Use the builtin free [GPU Trial Rendering] utility to test you Mac’s compatibility with Fractal Architect 5’s GPU rendering. It allows you to test GPU rendering on a selection of 16 fractals. You can render the same fractal using first the CPU, then the GPU. You can compare image quality side-by-side and see the GPU performance advantage (if any).
This free utility is a risk free way for you find whether your Mac can use GPU rendering or not.
If GPU rendering works great there, you can be confident that it works with your own fractals.
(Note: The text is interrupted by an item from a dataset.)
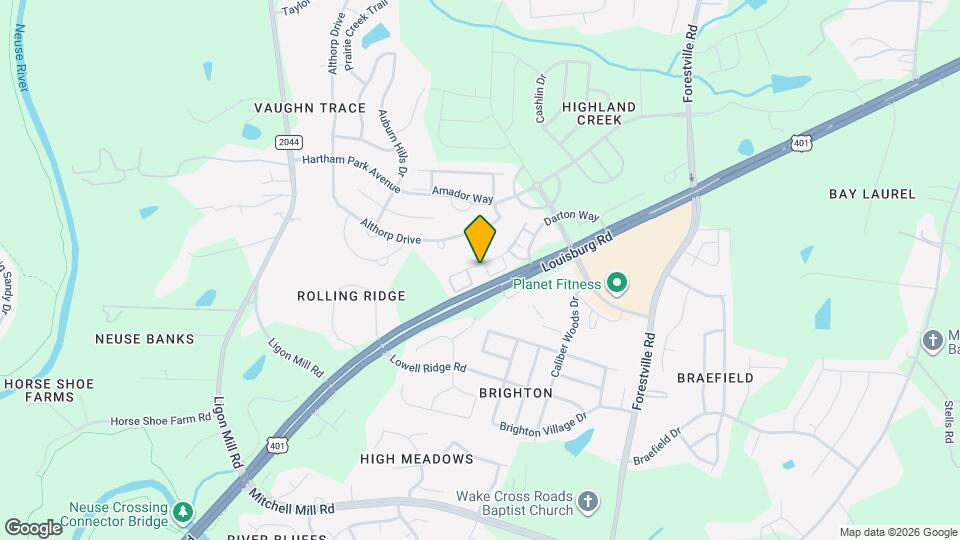 3900 Swinton St Map and Location Details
If the GPU Trial does not work or crashes the app, you will know that GPU rendering does not work on your combination of Mac and installed OS X version.
Our experience is that most Macs with ATI or Nvidia GPUs can use GPU rendering.
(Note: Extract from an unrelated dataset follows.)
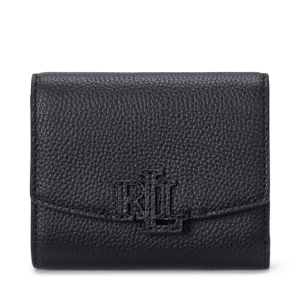 Mały Portfel Damski LAUREN RALPH LAUREN 432966782001 Czarny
Note: Older Macs (2010 and earlier) might GPU render properly on OS X Mountain Lion, but not on OS X Mavericks nor OS X Yosemite.
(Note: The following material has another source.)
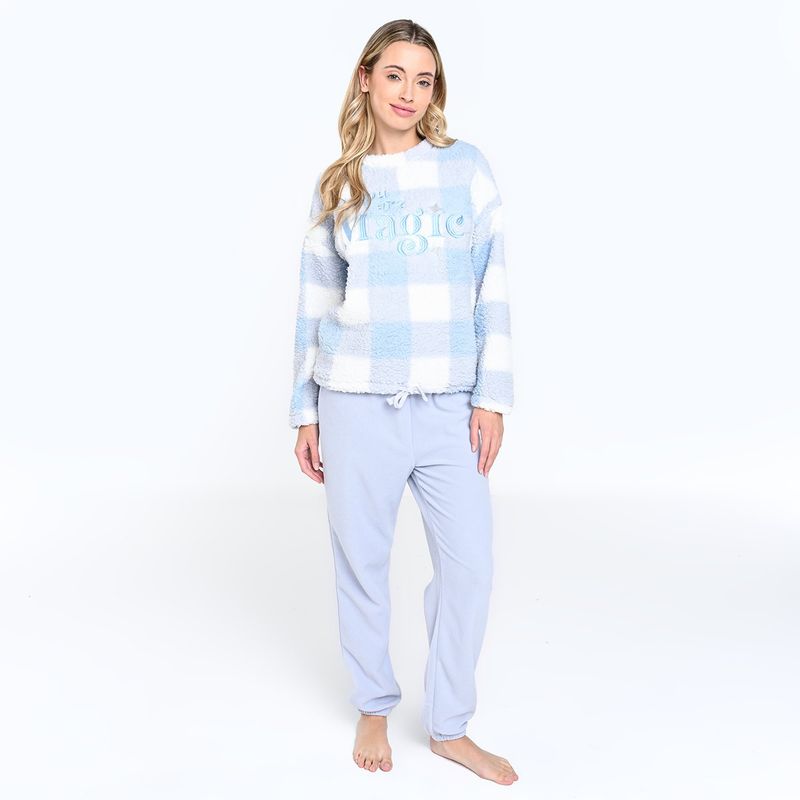 SYBILLA - Pijama completa con pantalón Mujer Largo Manga larga Sybilla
Right now Intel Iris GPUs won’t work for FA GPU rendering because of an OpenCL compiler defect in all update versions of both Mac OS X Mavericks and Yosemite. The OpenCL LLVM compiler is unable to produce a useable output in a reasonable amount of time, so the OpenCL runtime aborts (killing the app itself). Update: In OS X 10.10.3, the OpenCL runtime no longer aborts. But the underlying compiler problem is still there.
You will experience one of these outcomes:
Disclaimer:
Future OS X updates OpenCL Driver updates might fix these compatibility issues or might cause new issues on Macs that are now currently compatible. We have absolutely no control over this and we have no way to predict what Apple’s engineers might do in the future.
For instance, customers with 2011 Macbook Pros had to wait 4 months until the Mavericks 10.9.2 update was released, to be able to use Fractal Architect 3D GPU rendering on their ATI GPUs. On those same Macs, GPU rendering on the prior OS X Mountain Lion was very robust. Backwards compatibility regression can happen.
In late 2013 these were the numbers of different configurations of OpenCL capable Macs:
72 different OpenCL compatible Mac configurations in late 2013
Today that number is around 90 different configurations. When you account for all the 5 versions of Mac OS X supporting OpenCL with their multiple updates, the compatibility test matrix is HUGE.
Now does it make sense why the Apple OpenCL platform has compatibility issues?
We only have 7 test Macs. That’s why we don’t know which Mac configurations are compatible and which are not.